■ Provided data ■
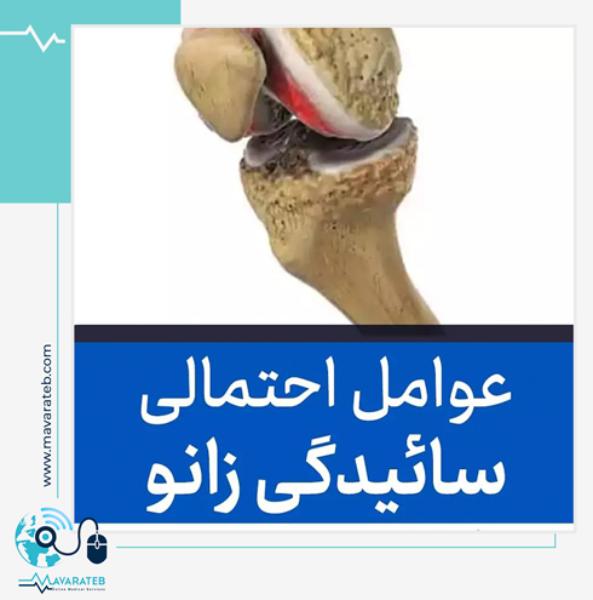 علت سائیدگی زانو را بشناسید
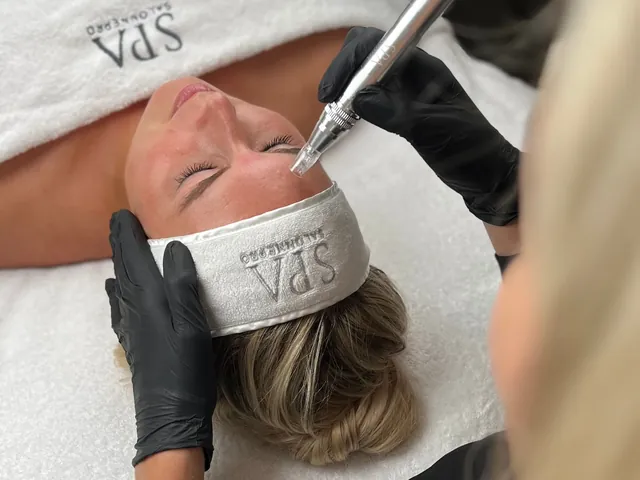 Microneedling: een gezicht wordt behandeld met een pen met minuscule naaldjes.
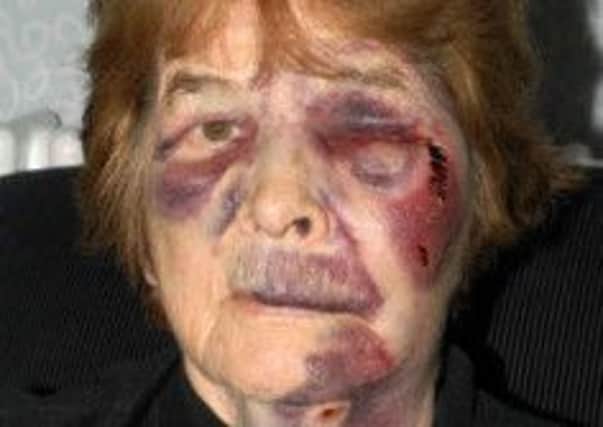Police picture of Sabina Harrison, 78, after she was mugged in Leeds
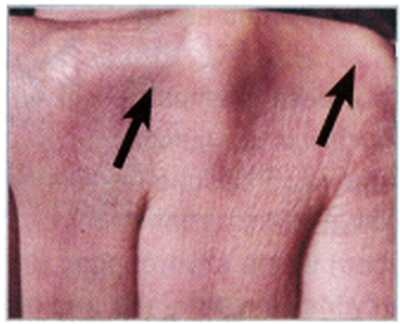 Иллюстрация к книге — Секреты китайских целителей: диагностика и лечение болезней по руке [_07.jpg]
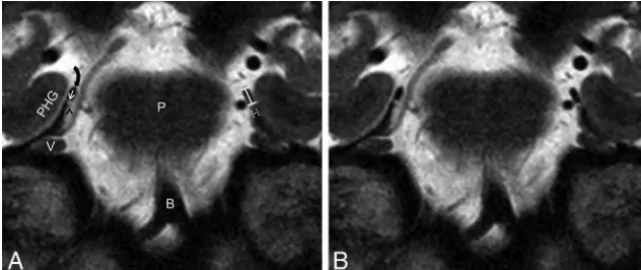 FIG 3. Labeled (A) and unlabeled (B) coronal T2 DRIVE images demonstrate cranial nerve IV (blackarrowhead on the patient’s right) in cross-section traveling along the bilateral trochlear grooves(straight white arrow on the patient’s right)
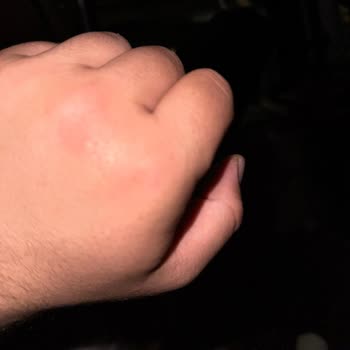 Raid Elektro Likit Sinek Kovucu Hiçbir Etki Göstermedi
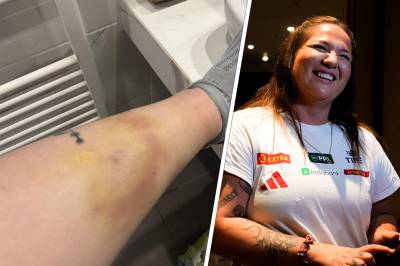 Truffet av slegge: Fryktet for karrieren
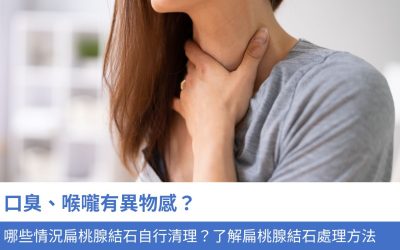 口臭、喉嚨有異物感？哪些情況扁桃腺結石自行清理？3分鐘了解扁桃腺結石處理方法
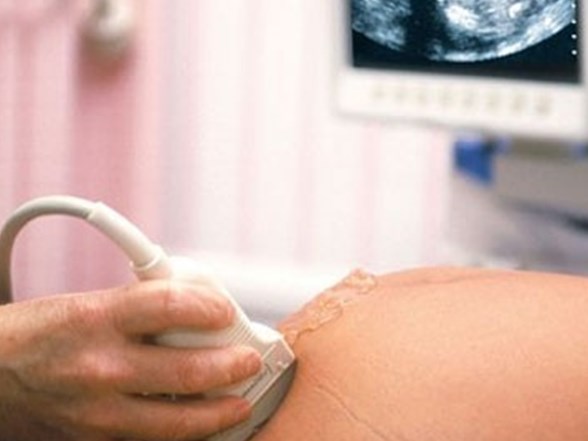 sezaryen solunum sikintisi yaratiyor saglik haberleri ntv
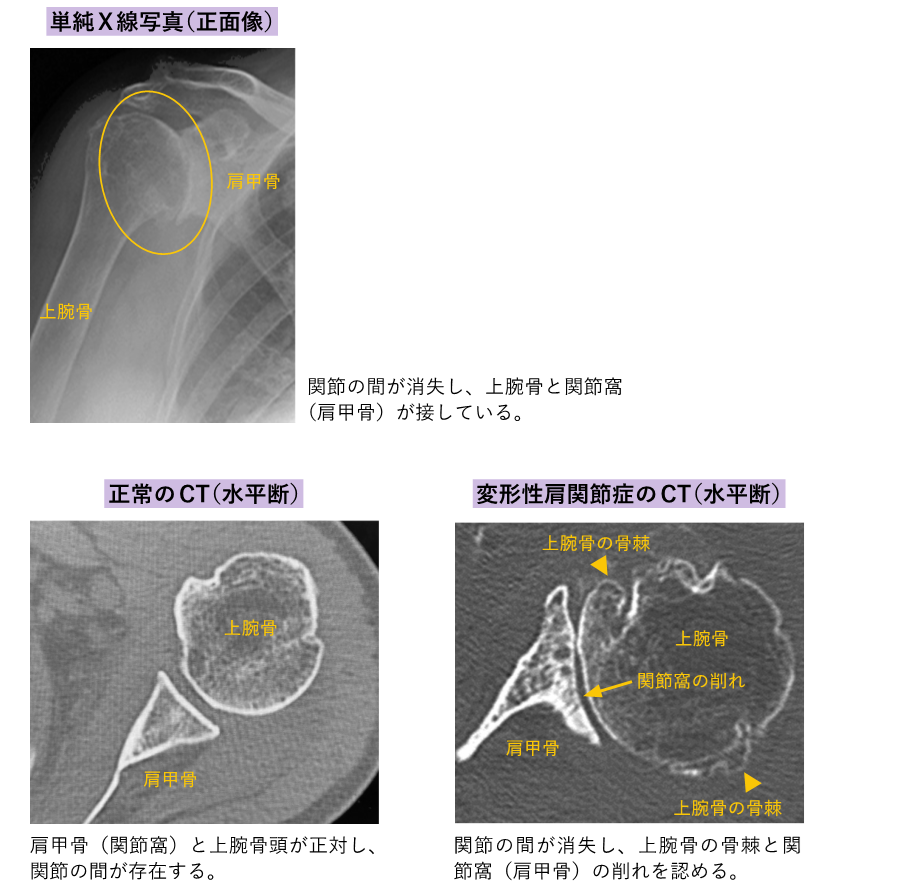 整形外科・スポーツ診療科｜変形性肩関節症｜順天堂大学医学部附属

■ What is being asked ■
Leaving the images out, retype all the material above exactly.

■ The completed task ■
 علت سائیدگی زانو را بشناسید
 Microneedling: een gezicht wordt behandeld met een pen met minuscule naaldjes.
Police picture of Sabina Harrison, 78, after she was mugged in Leeds
 Иллюстрация к книге — Секреты китайских целителей: диагностика и лечение болезней по руке [_07.jpg]
 FIG 3. Labeled (A) and unlabeled (B) coronal T2 DRIVE images demonstrate cranial nerve IV (blackarrowhead on the patient’s right) in cross-section traveling along the bilateral trochlear grooves(straight white arrow on the patient’s right)
 Raid Elektro Likit Sinek Kovucu Hiçbir Etki Göstermedi
 Truffet av slegge: Fryktet for karrieren
 口臭、喉嚨有異物感？哪些情況扁桃腺結石自行清理？3分鐘了解扁桃腺結石處理方法
 sezaryen solunum sikintisi yaratiyor saglik haberleri ntv
 整形外科・スポーツ診療科｜変形性肩関節症｜順天堂大学医学部附属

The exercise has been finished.